| Your task |
A complete answer retypes each of the records below precisely and includes none of the pictures.

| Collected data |
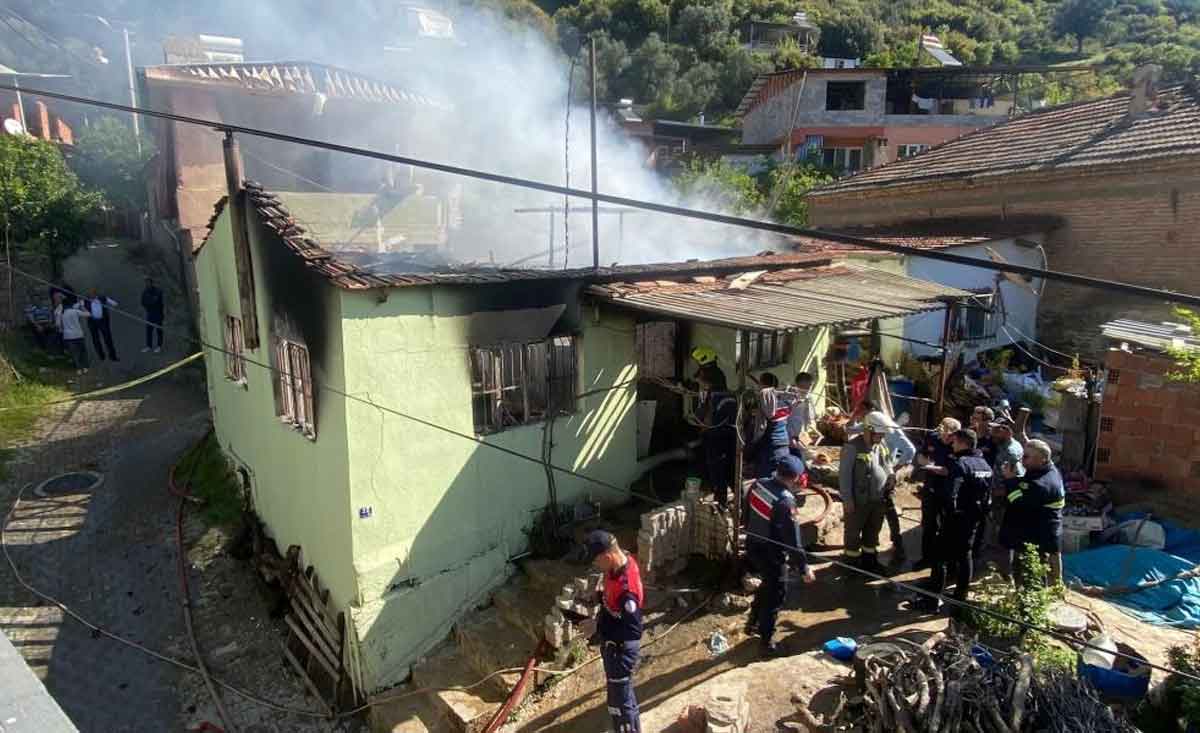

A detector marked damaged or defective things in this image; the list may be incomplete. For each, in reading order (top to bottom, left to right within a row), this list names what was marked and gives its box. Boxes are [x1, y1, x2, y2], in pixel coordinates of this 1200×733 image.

damaged roof [141, 60, 451, 109]
broken window [825, 80, 864, 110]
damaged roof [816, 83, 1200, 196]
damaged roof [199, 183, 835, 292]
damaged roof [796, 214, 1060, 255]
damaged roof [585, 261, 969, 333]
broken window [223, 314, 246, 383]
charred window frame [223, 314, 246, 383]
broken window [274, 340, 314, 439]
charred window frame [274, 340, 314, 439]
broken window [470, 335, 578, 431]
charred window frame [470, 335, 578, 436]
burned house [194, 169, 964, 691]
broken window [734, 331, 792, 369]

| Output for this task |
A detector marked damaged or defective things in this image; the list may be incomplete. For each, in reading order (top to bottom, left to right within a row), this list names what was marked and gives its box. Boxes are [x1, y1, x2, y2], in pixel coordinates of this 1200×733 image.

damaged roof [141, 60, 451, 109]
broken window [825, 80, 864, 110]
damaged roof [816, 83, 1200, 196]
damaged roof [199, 183, 835, 292]
damaged roof [796, 214, 1060, 255]
damaged roof [585, 261, 969, 333]
broken window [223, 314, 246, 383]
charred window frame [223, 314, 246, 383]
broken window [274, 340, 314, 439]
charred window frame [274, 340, 314, 439]
broken window [470, 335, 578, 431]
charred window frame [470, 335, 578, 436]
burned house [194, 169, 964, 691]
broken window [734, 331, 792, 369]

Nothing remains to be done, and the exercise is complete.